The following are a list of things I think are relevant from my use of GPUs (but where I have admin rights and no queue):

Use nvidia-smi to see available GPUs, current resource use, and driver version.
Using multiple GPUs is possible and easier if they are the same type.
GPUs have a limited amount device memory, usually around 4Gb for a typical laptop card to 40Gb for a HPC card.
The hierarchy of processes is: thread -> warp (32 threads) -> block (1-16 warps which share memory) -> kernel (all blocks needed to run the operation) -> graph (a set of kernels with dependencies).
Various versions to be aware of: driver version (e.g. 410.79) -- admin managed; CUDA version (e.g. 11.3) -- can be installed centrally or locally; compute version (e.g. 8.0 or Ampere) -- a feature of the hardware. They need to match what the package was compiled for.
When compiling, you will use nvcc to compile CUDA code and the usual C/C++ compiler for other code. nvcc is used for a first linker step, the usual compiler for the usual final linker step.
pytorch etc have recommended install routes, but if they don't work compiling yourself is always an option.
You can use cuda-gdb to debug GPU code. Use is very similar to gdb. Make sure to compile with the flags -g -G.
Be aware that cards have a maximum architecture version they support.
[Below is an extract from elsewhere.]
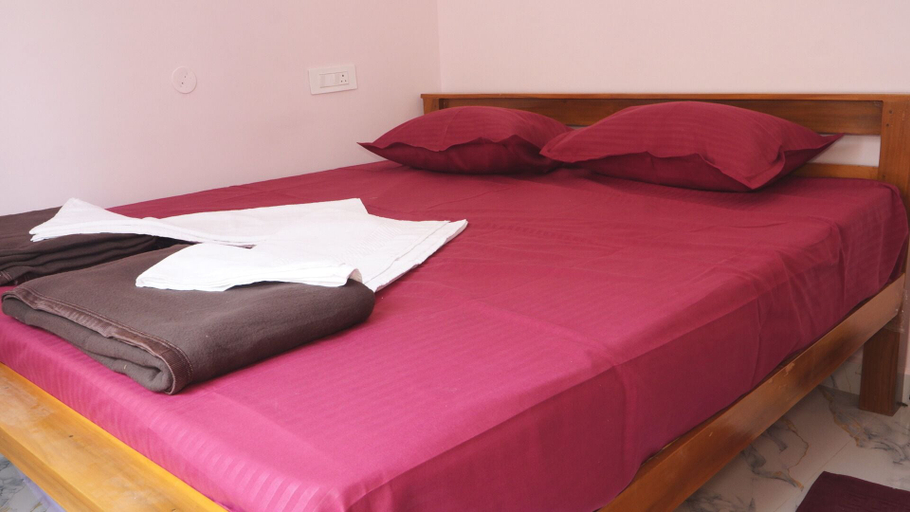 Room 2, Illayanar Home Stay, Tiruvannamalai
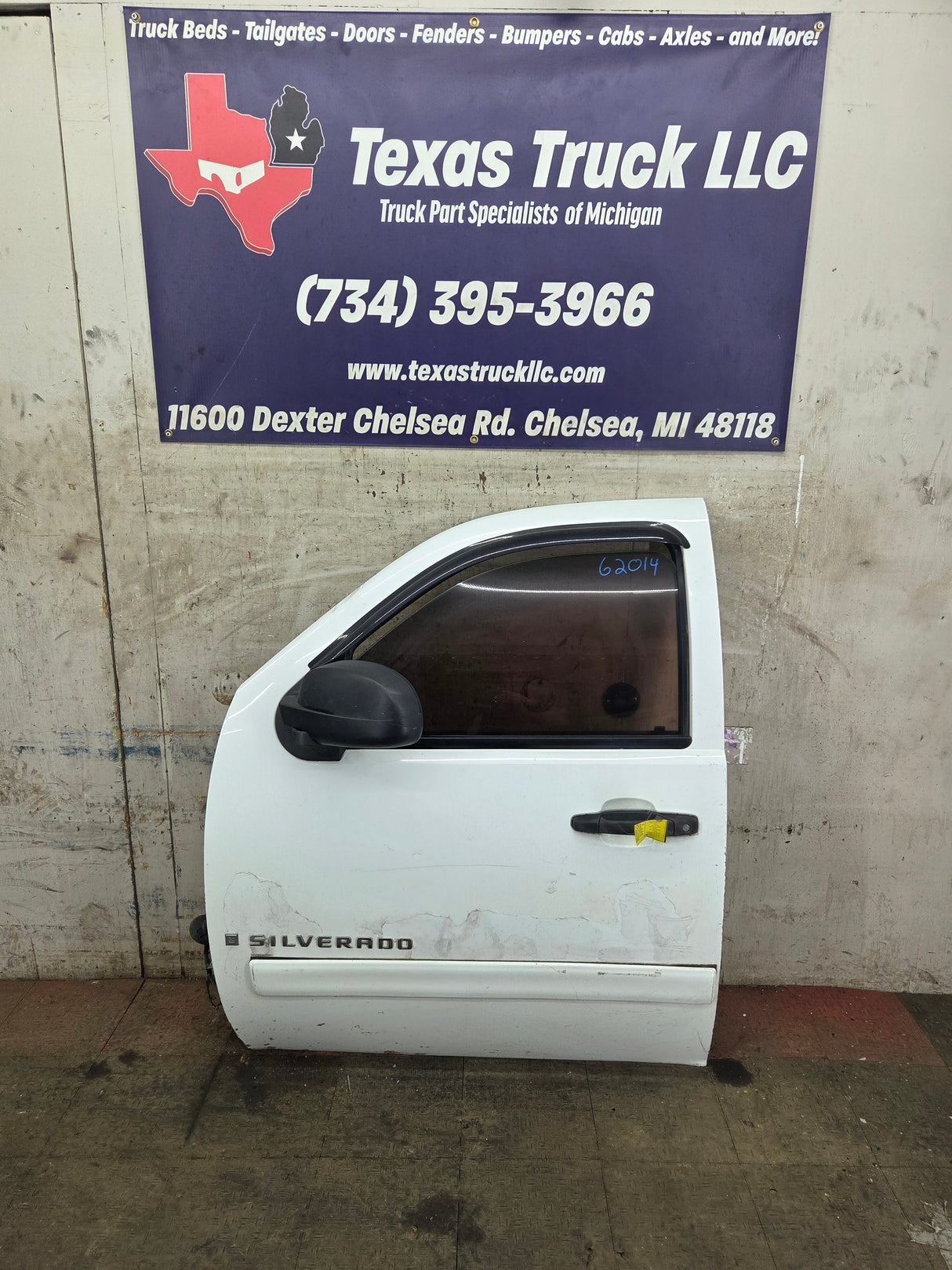 2007-2013 Chevrolet Silverado / GMC Sierra 1500 2500 3500 HD LH Front Driver Side Door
This is the compute version given to the CUDA compiler as sm_XX. For A100 cards this is sm_80.

See here for some relevant installation documentation for one of our GPU packages: https://poppunk.readthedocs.io/en/latest/gpu.html

Using GPUs for development purposes? We do have some available outside of codon which are easier to play around with.

Interactive jobs

Just some brief notes for this point:

Use bsub -I, and without the -o and -e options to run your job interactively, i.e. so you are sent to the worker node terminal as the job runs.
Make sure you are using X11 forwarding to see GUIs. Connect with ssh -X -Y <remote>, and you may also need Xquartz installed.
If you are using tmux you'll need to make sure you've got the right display. Run echo $DISPLAY outside of tmux, then export DISPLAY=localhost:32 (with whatever $DISPLAY contained) inside tmux.
If you want to view images on the cluster without transferring files, you can use display <file.png> & . For PDFs see here.

Ultimately, it's a pain, and using something like OpenStack or a VM in the cloud is likely to be a better solution.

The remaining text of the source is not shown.